Extracted data entries
= = =
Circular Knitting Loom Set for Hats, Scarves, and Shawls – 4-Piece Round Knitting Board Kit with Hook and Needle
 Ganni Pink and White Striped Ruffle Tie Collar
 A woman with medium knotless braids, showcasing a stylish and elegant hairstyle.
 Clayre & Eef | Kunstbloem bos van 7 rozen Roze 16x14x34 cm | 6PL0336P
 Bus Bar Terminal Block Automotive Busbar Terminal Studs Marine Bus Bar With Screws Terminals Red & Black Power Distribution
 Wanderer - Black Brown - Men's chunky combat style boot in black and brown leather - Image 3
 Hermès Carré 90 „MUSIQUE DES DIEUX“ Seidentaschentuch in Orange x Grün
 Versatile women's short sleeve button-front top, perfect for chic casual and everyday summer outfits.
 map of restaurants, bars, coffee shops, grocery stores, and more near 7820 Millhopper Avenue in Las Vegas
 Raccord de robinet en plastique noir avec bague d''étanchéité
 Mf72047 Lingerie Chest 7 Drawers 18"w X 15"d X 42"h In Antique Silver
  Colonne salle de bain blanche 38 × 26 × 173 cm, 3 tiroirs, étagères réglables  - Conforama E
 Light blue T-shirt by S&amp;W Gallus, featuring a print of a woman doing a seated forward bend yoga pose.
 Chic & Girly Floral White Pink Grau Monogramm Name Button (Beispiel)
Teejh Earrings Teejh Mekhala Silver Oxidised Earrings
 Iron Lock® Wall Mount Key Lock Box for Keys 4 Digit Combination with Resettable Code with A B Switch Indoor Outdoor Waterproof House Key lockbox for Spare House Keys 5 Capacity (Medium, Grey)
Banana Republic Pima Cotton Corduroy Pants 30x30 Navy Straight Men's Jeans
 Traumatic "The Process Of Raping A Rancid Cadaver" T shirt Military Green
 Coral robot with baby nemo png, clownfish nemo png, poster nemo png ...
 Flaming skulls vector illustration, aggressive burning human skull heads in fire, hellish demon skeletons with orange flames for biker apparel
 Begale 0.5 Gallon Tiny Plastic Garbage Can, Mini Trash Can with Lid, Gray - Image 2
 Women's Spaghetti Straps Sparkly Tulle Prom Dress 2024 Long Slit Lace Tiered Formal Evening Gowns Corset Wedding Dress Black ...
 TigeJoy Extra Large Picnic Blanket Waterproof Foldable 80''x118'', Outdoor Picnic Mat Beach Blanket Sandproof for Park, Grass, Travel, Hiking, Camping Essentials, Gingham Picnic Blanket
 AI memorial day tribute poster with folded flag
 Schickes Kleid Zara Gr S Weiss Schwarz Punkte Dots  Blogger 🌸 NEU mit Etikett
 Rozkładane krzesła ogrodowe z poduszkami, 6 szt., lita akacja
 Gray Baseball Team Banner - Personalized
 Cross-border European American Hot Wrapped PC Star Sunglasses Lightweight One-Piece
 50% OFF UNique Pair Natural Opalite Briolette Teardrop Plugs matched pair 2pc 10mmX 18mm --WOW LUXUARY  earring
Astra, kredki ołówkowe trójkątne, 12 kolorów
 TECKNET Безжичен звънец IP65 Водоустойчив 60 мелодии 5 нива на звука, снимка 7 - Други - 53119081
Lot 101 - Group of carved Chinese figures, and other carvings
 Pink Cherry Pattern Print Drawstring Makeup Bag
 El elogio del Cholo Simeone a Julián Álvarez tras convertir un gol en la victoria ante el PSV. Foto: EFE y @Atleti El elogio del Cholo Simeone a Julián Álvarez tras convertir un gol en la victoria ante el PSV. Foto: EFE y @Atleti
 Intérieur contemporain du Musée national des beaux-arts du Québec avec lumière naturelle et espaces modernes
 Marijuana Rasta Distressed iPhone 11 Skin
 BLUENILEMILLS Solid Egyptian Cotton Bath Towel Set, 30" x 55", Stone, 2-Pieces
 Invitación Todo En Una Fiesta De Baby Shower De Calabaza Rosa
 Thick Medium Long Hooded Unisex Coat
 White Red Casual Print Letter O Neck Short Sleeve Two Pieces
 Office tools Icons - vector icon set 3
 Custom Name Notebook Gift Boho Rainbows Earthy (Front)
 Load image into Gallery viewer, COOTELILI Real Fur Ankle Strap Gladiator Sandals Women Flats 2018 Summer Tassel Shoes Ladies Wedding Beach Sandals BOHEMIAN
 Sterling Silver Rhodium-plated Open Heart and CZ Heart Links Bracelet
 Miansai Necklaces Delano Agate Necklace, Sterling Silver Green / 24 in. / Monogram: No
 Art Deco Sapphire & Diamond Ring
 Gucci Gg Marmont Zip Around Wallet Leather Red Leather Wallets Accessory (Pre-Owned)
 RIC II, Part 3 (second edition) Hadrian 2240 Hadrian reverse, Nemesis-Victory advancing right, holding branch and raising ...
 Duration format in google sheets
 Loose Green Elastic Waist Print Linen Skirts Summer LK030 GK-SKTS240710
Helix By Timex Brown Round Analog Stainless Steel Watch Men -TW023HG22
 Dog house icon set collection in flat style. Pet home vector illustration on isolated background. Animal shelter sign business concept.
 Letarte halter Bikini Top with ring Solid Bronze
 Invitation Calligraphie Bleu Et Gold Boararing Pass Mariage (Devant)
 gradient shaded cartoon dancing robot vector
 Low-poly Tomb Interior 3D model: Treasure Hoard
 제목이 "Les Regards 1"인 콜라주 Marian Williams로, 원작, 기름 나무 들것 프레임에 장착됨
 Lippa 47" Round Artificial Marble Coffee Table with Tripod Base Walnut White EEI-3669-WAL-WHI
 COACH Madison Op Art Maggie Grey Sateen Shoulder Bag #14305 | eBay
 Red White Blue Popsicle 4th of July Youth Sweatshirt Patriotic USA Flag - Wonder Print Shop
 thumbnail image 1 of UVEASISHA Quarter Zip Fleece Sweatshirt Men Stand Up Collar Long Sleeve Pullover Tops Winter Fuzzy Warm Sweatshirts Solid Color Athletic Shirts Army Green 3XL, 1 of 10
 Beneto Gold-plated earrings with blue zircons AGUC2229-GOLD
= = =
● Task to carry out
Copy the records above, keeping every word the same.

● Response to the exercise
Circular Knitting Loom Set for Hats, Scarves, and Shawls – 4-Piece Round Knitting Board Kit with Hook and Needle
 Ganni Pink and White Striped Ruffle Tie Collar
 A woman with medium knotless braids, showcasing a stylish and elegant hairstyle.
 Clayre & Eef | Kunstbloem bos van 7 rozen Roze 16x14x34 cm | 6PL0336P
 Bus Bar Terminal Block Automotive Busbar Terminal Studs Marine Bus Bar With Screws Terminals Red & Black Power Distribution
 Wanderer - Black Brown - Men's chunky combat style boot in black and brown leather - Image 3
 Hermès Carré 90 „MUSIQUE DES DIEUX“ Seidentaschentuch in Orange x Grün
 Versatile women's short sleeve button-front top, perfect for chic casual and everyday summer outfits.
 map of restaurants, bars, coffee shops, grocery stores, and more near 7820 Millhopper Avenue in Las Vegas
 Raccord de robinet en plastique noir avec bague d''étanchéité
 Mf72047 Lingerie Chest 7 Drawers 18"w X 15"d X 42"h In Antique Silver
  Colonne salle de bain blanche 38 × 26 × 173 cm, 3 tiroirs, étagères réglables  - Conforama E
 Light blue T-shirt by S&amp;W Gallus, featuring a print of a woman doing a seated forward bend yoga pose.
 Chic & Girly Floral White Pink Grau Monogramm Name Button (Beispiel)
Teejh Earrings Teejh Mekhala Silver Oxidised Earrings
 Iron Lock® Wall Mount Key Lock Box for Keys 4 Digit Combination with Resettable Code with A B Switch Indoor Outdoor Waterproof House Key lockbox for Spare House Keys 5 Capacity (Medium, Grey)
Banana Republic Pima Cotton Corduroy Pants 30x30 Navy Straight Men's Jeans
 Traumatic "The Process Of Raping A Rancid Cadaver" T shirt Military Green
 Coral robot with baby nemo png, clownfish nemo png, poster nemo png ...
 Flaming skulls vector illustration, aggressive burning human skull heads in fire, hellish demon skeletons with orange flames for biker apparel
 Begale 0.5 Gallon Tiny Plastic Garbage Can, Mini Trash Can with Lid, Gray - Image 2
 Women's Spaghetti Straps Sparkly Tulle Prom Dress 2024 Long Slit Lace Tiered Formal Evening Gowns Corset Wedding Dress Black ...
 TigeJoy Extra Large Picnic Blanket Waterproof Foldable 80''x118'', Outdoor Picnic Mat Beach Blanket Sandproof for Park, Grass, Travel, Hiking, Camping Essentials, Gingham Picnic Blanket
 AI memorial day tribute poster with folded flag
 Schickes Kleid Zara Gr S Weiss Schwarz Punkte Dots  Blogger 🌸 NEU mit Etikett
 Rozkładane krzesła ogrodowe z poduszkami, 6 szt., lita akacja
 Gray Baseball Team Banner - Personalized
 Cross-border European American Hot Wrapped PC Star Sunglasses Lightweight One-Piece
 50% OFF UNique Pair Natural Opalite Briolette Teardrop Plugs matched pair 2pc 10mmX 18mm --WOW LUXUARY  earring
Astra, kredki ołówkowe trójkątne, 12 kolorów
 TECKNET Безжичен звънец IP65 Водоустойчив 60 мелодии 5 нива на звука, снимка 7 - Други - 53119081
Lot 101 - Group of carved Chinese figures, and other carvings
 Pink Cherry Pattern Print Drawstring Makeup Bag
 El elogio del Cholo Simeone a Julián Álvarez tras convertir un gol en la victoria ante el PSV. Foto: EFE y @Atleti El elogio del Cholo Simeone a Julián Álvarez tras convertir un gol en la victoria ante el PSV. Foto: EFE y @Atleti
 Intérieur contemporain du Musée national des beaux-arts du Québec avec lumière naturelle et espaces modernes
 Marijuana Rasta Distressed iPhone 11 Skin
 BLUENILEMILLS Solid Egyptian Cotton Bath Towel Set, 30" x 55", Stone, 2-Pieces
 Invitación Todo En Una Fiesta De Baby Shower De Calabaza Rosa
 Thick Medium Long Hooded Unisex Coat
 White Red Casual Print Letter O Neck Short Sleeve Two Pieces
 Office tools Icons - vector icon set 3
 Custom Name Notebook Gift Boho Rainbows Earthy (Front)
 Load image into Gallery viewer, COOTELILI Real Fur Ankle Strap Gladiator Sandals Women Flats 2018 Summer Tassel Shoes Ladies Wedding Beach Sandals BOHEMIAN
 Sterling Silver Rhodium-plated Open Heart and CZ Heart Links Bracelet
 Miansai Necklaces Delano Agate Necklace, Sterling Silver Green / 24 in. / Monogram: No
 Art Deco Sapphire & Diamond Ring
 Gucci Gg Marmont Zip Around Wallet Leather Red Leather Wallets Accessory (Pre-Owned)
 RIC II, Part 3 (second edition) Hadrian 2240 Hadrian reverse, Nemesis-Victory advancing right, holding branch and raising ...
 Duration format in google sheets
 Loose Green Elastic Waist Print Linen Skirts Summer LK030 GK-SKTS240710
Helix By Timex Brown Round Analog Stainless Steel Watch Men -TW023HG22
 Dog house icon set collection in flat style. Pet home vector illustration on isolated background. Animal shelter sign business concept.
 Letarte halter Bikini Top with ring Solid Bronze
 Invitation Calligraphie Bleu Et Gold Boararing Pass Mariage (Devant)
 gradient shaded cartoon dancing robot vector
 Low-poly Tomb Interior 3D model: Treasure Hoard
 제목이 "Les Regards 1"인 콜라주 Marian Williams로, 원작, 기름 나무 들것 프레임에 장착됨
 Lippa 47" Round Artificial Marble Coffee Table with Tripod Base Walnut White EEI-3669-WAL-WHI
 COACH Madison Op Art Maggie Grey Sateen Shoulder Bag #14305 | eBay
 Red White Blue Popsicle 4th of July Youth Sweatshirt Patriotic USA Flag - Wonder Print Shop
 thumbnail image 1 of UVEASISHA Quarter Zip Fleece Sweatshirt Men Stand Up Collar Long Sleeve Pullover Tops Winter Fuzzy Warm Sweatshirts Solid Color Athletic Shirts Army Green 3XL, 1 of 10
 Beneto Gold-plated earrings with blue zircons AGUC2229-GOLD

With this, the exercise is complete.